--- INFORMATION GIVEN ---
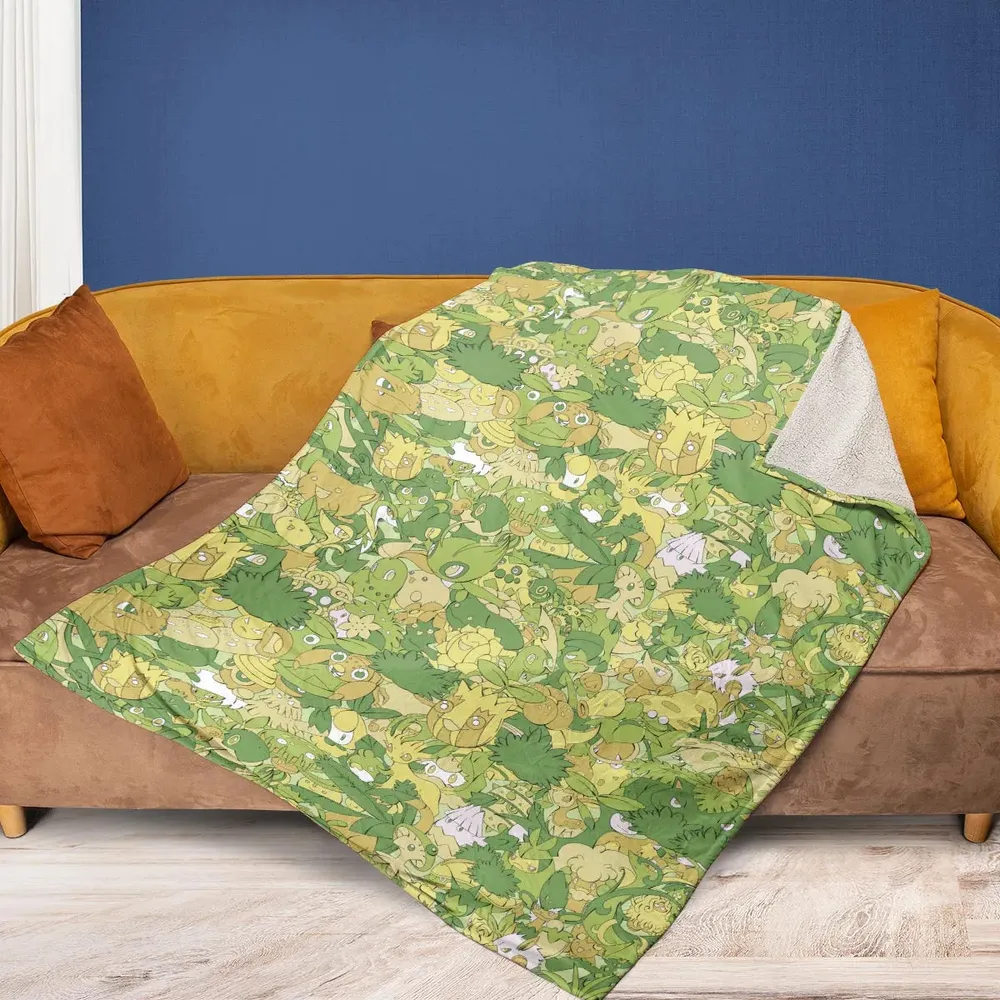Grass Pokemon Pattern Fleece Blanket - 2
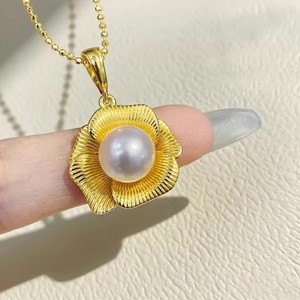 Accessoires en perles DIY, pendentif en argent S925, support vide avec perles rondes de 8-9 mm, pendentif de collier en forme de croix, 31420 - Product Image 1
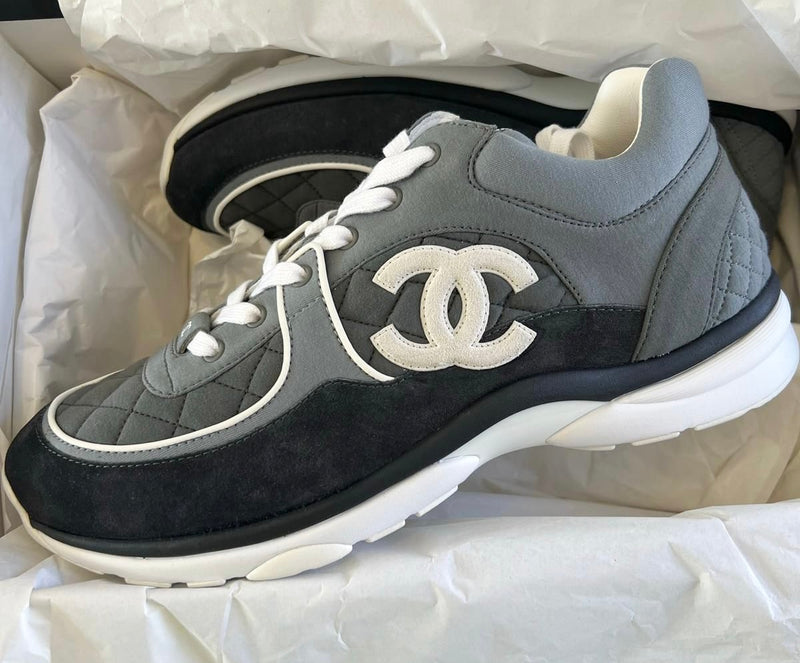 Chanel 22S G38299 black white sneakers runners trainers EU 38-39 EUR sizes  | eBay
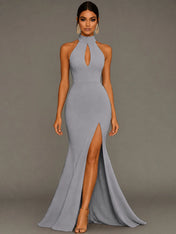 Mermaid Halter Neck Satin Formal Dress with Slit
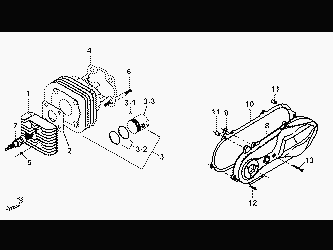 CYLINDER AND CRANK CASE COVER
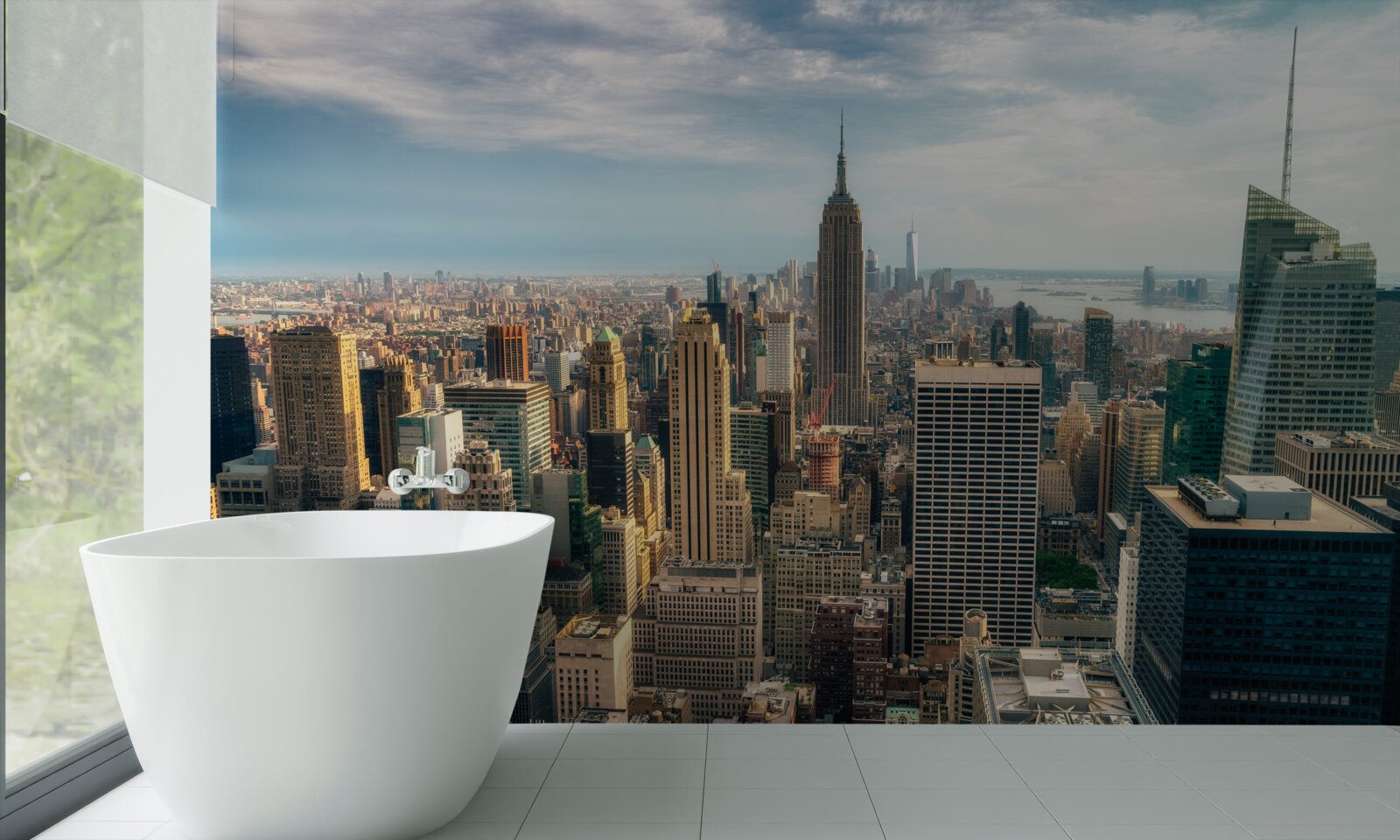 Fotobehang de bouw van de empire state is in volle gang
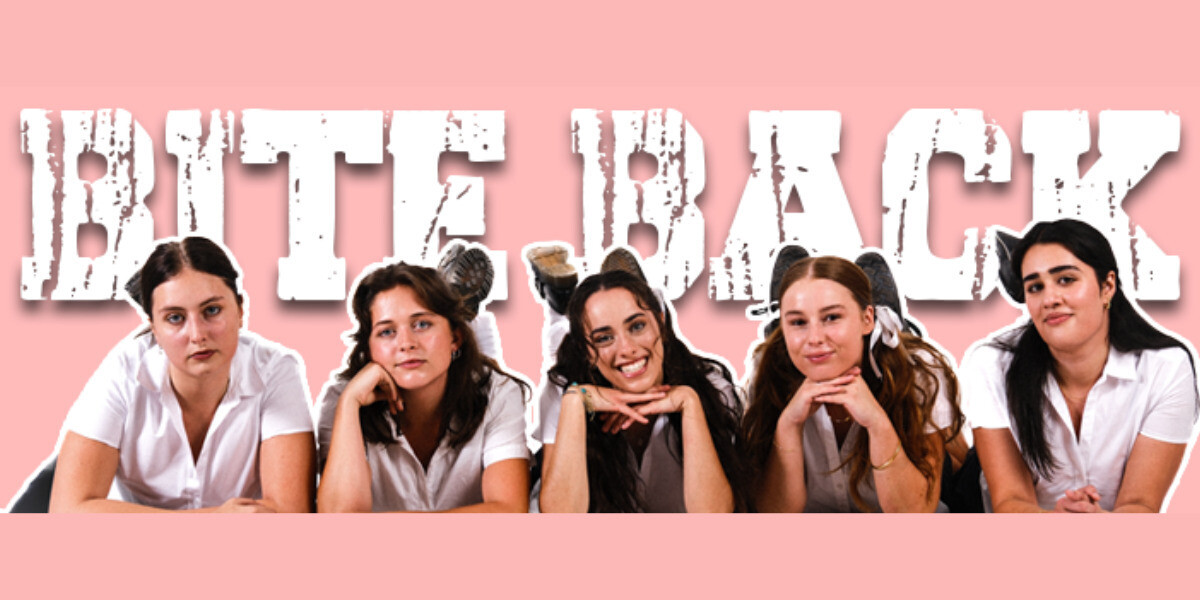 Three lionesses are shown side by side against a blue backdrop, each wearing a blue-and-white gingham school uniform. Their expressions vary: one snarls with bared teeth, the next roars with its mouth wide open, and the third squints with its tongue sticking out in a playful, cheeky pose.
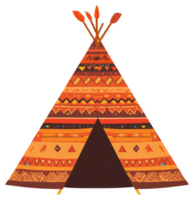 A colorful, decorated teepee with intricate patterns. png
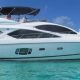 Tour en yate de lujo Sunseeker Manhathan de 64 pies en Cancun a Isla Mujeres con snorkel y barra libre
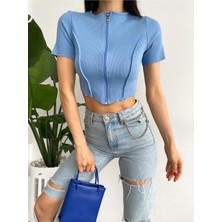 Qutta Kadın Ters Dikiş Kısa Kolu Fermuarlı Kadın Fitilli Crop Body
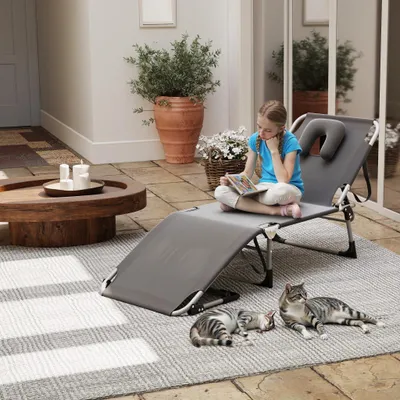 Produktbild von YZNAHRE Sonnenliege Klappbar Liegestuhl Gartenliege mit Verstellbare Rückenlehne und Fußstütze Tragbare Gartenstuhl Strandliege Relaxliege für Garten Terrasse Strand (Dunkelgrau)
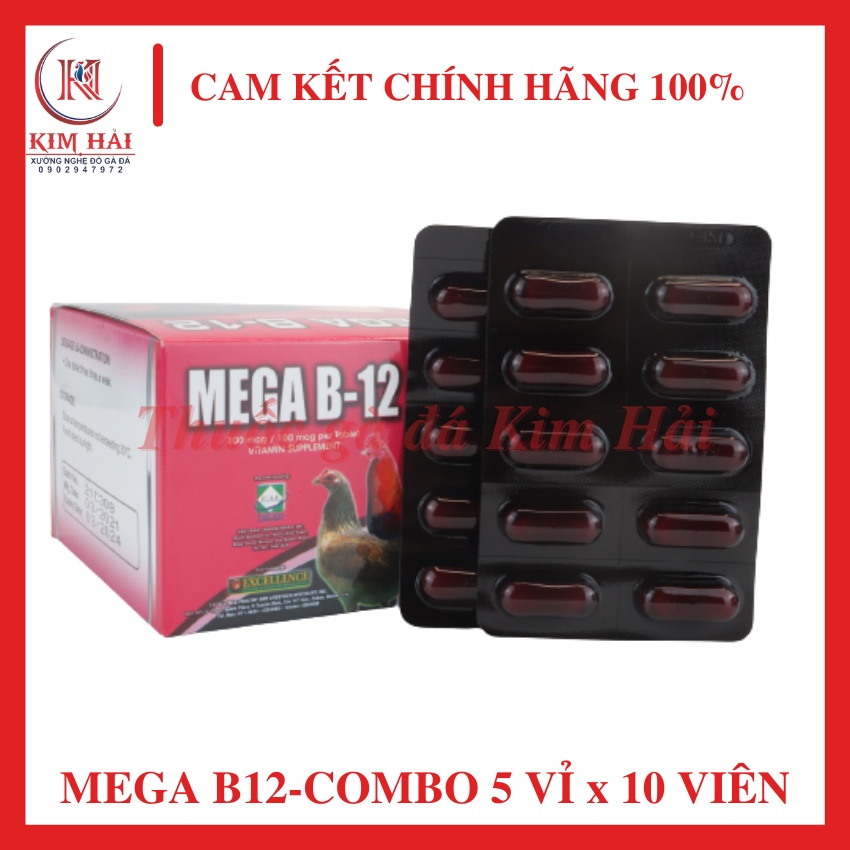 Mega b12-combo 5 vỉ x 10 viên-dinh dưỡng cần thiết dành cho gà đá.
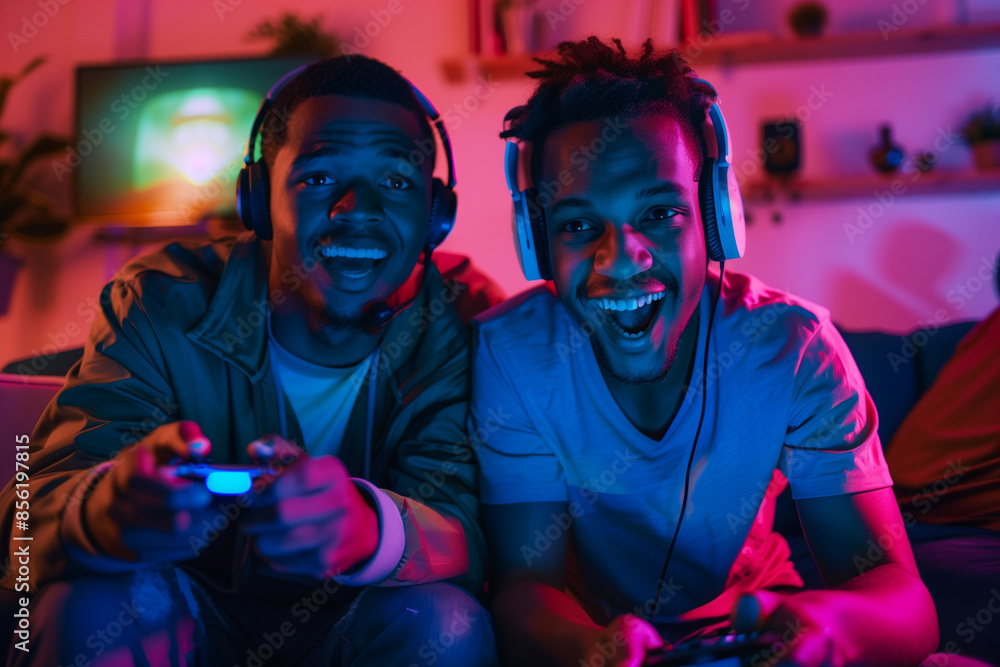 Obraz premium two friends gaming together online, each in their own room, with headsets on and excitement on their faces as they share the experience through their screens. Commercial photo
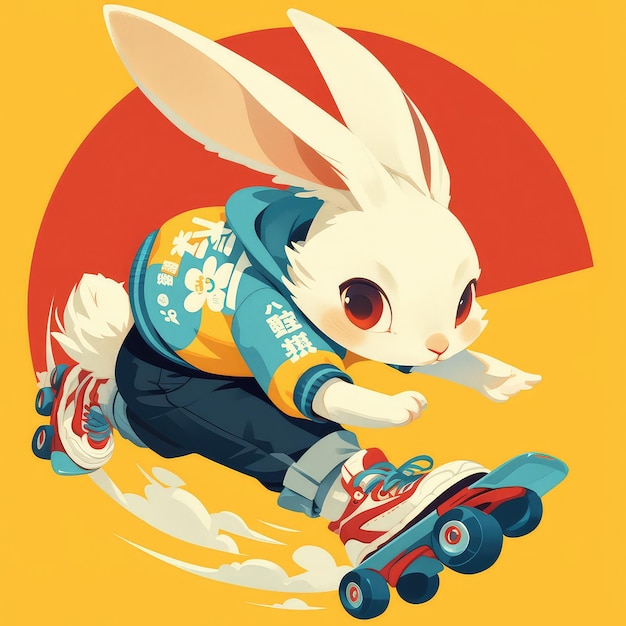 A rabbit with rollerblades cartoon style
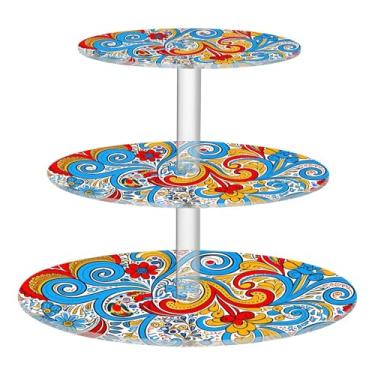 Imagem de CEBUGI Suporte de cupcake de 3 camadas, padrão vibrante, redondo, suporte de bolo, bandeja de servir em camadas de acrílico para festas de chá, chá de bebê, casamento e mais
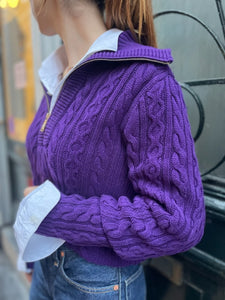 Cropped knit purple sweater with zipper by Ralph Lauren.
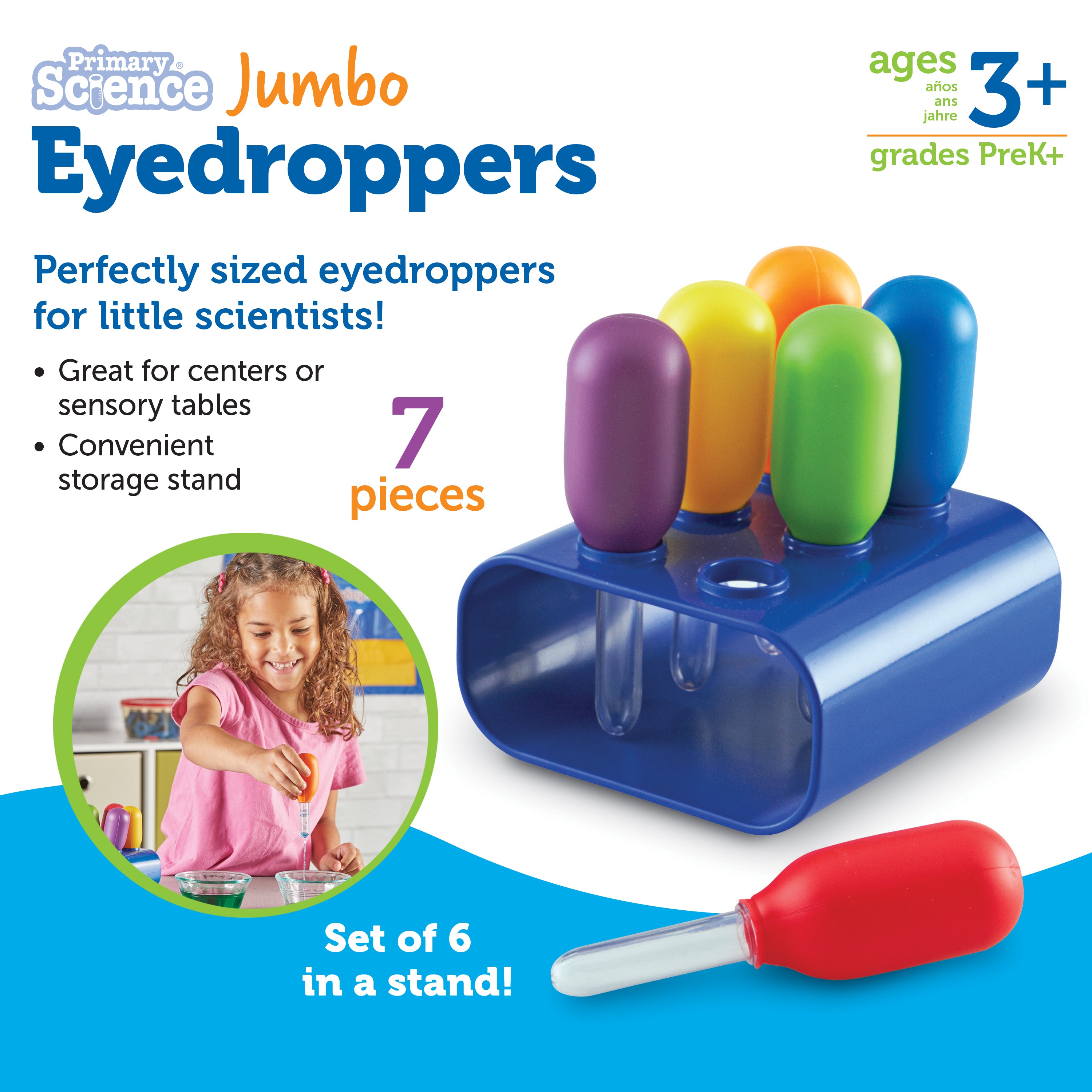 Learning Resources Primary Science Jumbo Eyedroppers with Stand, Set of 6 Colourful Eyedroppers, Perfect for Fine Motor Skill Development, Cause and Effect Exploration, Ages 3+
---
The required output is the exact run of lines from the start of the records through the line containing "Fotobehang de bouw", both ends included, with no pictures.

Grass Pokemon Pattern Fleece Blanket - 2
 Accessoires en perles DIY, pendentif en argent S925, support vide avec perles rondes de 8-9 mm, pendentif de collier en forme de croix, 31420 - Product Image 1
 Chanel 22S G38299 black white sneakers runners trainers EU 38-39 EUR sizes  | eBay
 Mermaid Halter Neck Satin Formal Dress with Slit
 CYLINDER AND CRANK CASE COVER
 Fotobehang de bouw van de empire state is in volle gang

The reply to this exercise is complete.